The Department also incorporates the NPRM preamble’s “timely manner” concept into the new regulatory language at §36.309(b)(1)(vi). Under this provision, testing entities are required to respond in a timely manner to requests for testing accommodations in order to ensure equal opportunity for persons with disabilities. Testing entities are to ensure that their established process for securing testing accommodations provides applicants with a reasonable opportunity to supplement the testing entities’ requests for additional information, if necessary, and still be able to take the test in the same testing cycle. A disability rights organization commented that testing entities should not subject applicants to unreasonable and intrusive requests for information in a process that should provide persons with disabilities effective modifications in a timely manner, fulfilling the core objective of title III to provide equal access.
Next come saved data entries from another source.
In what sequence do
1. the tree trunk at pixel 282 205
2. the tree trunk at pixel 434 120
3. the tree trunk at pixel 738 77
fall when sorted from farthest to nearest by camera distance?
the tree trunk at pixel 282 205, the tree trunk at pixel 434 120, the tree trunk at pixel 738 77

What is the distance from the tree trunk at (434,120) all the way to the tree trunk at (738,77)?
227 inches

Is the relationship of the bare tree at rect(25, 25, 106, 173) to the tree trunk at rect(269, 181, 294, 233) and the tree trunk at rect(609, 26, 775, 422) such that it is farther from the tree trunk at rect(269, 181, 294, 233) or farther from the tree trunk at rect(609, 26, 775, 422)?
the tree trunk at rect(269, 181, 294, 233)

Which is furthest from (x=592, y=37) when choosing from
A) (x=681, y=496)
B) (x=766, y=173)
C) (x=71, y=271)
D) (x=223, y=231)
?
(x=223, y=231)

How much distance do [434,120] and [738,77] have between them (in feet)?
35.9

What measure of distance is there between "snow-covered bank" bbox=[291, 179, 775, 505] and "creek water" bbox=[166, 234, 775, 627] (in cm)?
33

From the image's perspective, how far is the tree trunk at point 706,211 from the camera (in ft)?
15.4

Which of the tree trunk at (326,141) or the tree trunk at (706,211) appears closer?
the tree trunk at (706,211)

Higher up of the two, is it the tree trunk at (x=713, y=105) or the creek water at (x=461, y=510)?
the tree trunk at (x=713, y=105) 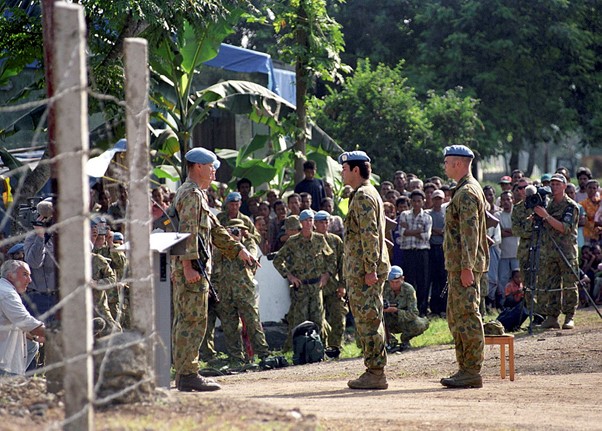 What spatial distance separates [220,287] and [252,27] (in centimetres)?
2286

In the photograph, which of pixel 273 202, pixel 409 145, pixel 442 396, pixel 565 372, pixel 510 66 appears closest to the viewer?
pixel 442 396

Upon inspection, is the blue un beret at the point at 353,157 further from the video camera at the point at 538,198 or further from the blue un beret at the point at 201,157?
the video camera at the point at 538,198

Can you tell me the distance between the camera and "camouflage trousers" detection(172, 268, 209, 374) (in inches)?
386

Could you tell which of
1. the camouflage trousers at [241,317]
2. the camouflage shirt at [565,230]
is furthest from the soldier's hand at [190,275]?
the camouflage shirt at [565,230]

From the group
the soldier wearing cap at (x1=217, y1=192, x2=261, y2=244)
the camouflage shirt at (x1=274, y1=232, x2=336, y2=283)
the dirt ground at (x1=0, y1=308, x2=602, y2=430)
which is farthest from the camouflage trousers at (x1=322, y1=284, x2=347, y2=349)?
the dirt ground at (x1=0, y1=308, x2=602, y2=430)

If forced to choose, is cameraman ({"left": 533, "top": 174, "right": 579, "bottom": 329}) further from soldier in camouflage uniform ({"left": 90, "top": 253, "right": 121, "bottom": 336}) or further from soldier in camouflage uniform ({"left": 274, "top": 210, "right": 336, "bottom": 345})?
soldier in camouflage uniform ({"left": 90, "top": 253, "right": 121, "bottom": 336})

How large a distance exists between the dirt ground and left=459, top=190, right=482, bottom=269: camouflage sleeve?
1227 mm

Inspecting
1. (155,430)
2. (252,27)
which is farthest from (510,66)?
(155,430)

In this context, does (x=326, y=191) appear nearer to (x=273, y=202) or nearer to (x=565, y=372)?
(x=273, y=202)

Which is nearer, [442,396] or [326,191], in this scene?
[442,396]

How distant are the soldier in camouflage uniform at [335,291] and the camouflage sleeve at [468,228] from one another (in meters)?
5.54

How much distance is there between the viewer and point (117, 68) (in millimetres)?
13867

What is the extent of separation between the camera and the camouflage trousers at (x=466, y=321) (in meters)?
10.3

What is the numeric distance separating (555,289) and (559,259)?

Echoing this perspective, several disability rights organizations and a State government commenter urged that testing entities should not make unreasonably burdensome demands for documentation, particularly where those demands create impediments to receiving accommodations in a timely manner.
Access to examinations should be offered to persons with disabilities in as timely a manner as it is offered to persons without disabilities. Failure by a testing entity to act in a timely manner, coupled with seeking unnecessary documentation, could result in such an extended delay that it constitutes a denial of equal opportunity or equal treatment in an examination setting for persons with disabilities.